Paul Tudor Jones (Tudor Investment Corporation) in Tony Robbins “Money: Master the Game”

Personally I believe it is physiologically easier for me to trade a limited risk option spread strategy because I know how much I can lose every month – but the expected return is only 5% to 10% a year. However handling huge swings in a wild crypto bull market is much harder – yet infinitely more profitable – and after taking out the original stake to play with house money there is no money at risk. It is way more profitable to simply hold positions in a bull market, than trade around them.

Position Entry

This quote is from Paul Tudor Jones (Tudor Investment Corporation) in Tony Robbins “Money: Master the Game” – after showing a picture of rapidly sloping up chart with a “You are here” arrow at the top of it, this is the quote:

“How many people want to be long and stay long this chart?” And about 60% will raise their hands. And how many want to get off this investment and sell it ? Then 40% or so will say get out. And I say “You 40% should never ever invest your own money in your entire life! Because you’ve got this contrarian bug, and this the greatest way to ruin that there possibly is. It means you’re going to buy every brand – you’re going to buy things that go to zero and sell things that go to infinity.”

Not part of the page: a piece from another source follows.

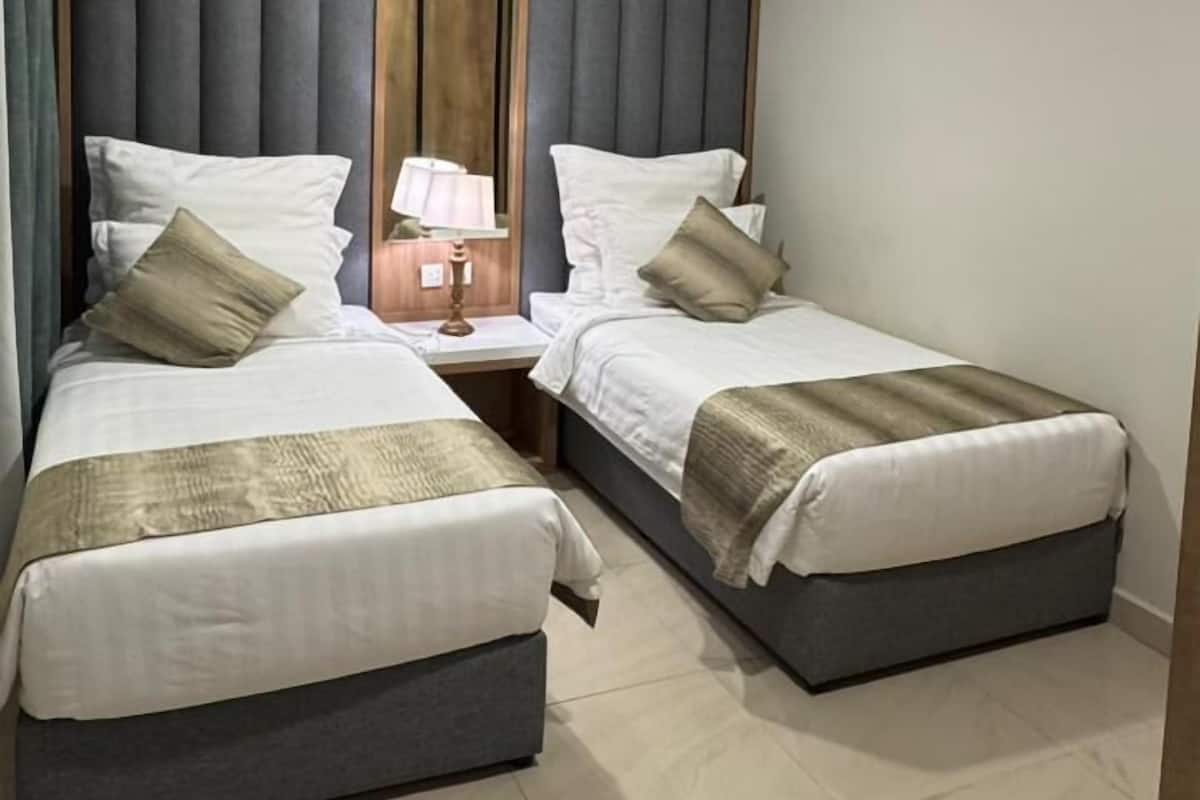 Una habitación de hotel con dos camas, un espejo grande, una mesita de noche y una lámpara en el techo.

Do you have a temptation to buy cheap on the way down? Buying cheaper is good, but better done when potential is not yet released in new issues that have no overhead supply. Will make more money buying into a market rising off a low base, than trying to pick a bottom in a “race to the bottom”in multi month decline.

Which of these are you tempted to buy ?

Option 1 – uptrending market that is already 20% for the year moving to recent multi year highs, off a 1 year flat base
Option 2 – downtrending market that is already down 60%, and heading steadily lower over a number of months with some -10% months along the way

Its really hard for me to do 1 & very easy for me to 2, because of personality type. Don’t like to overpay for anything & like the idea of getting a “bargain” (cheapskate). Plus the implication that you are smarter than the market because you picked close to the bottom (ego).

Final quote from Paul Tudor Jones “Don’t be a hero. Don’t have an ego. Always question yourself and your ability. Don’t ever feel that you are very good. The second you do, you are dead.”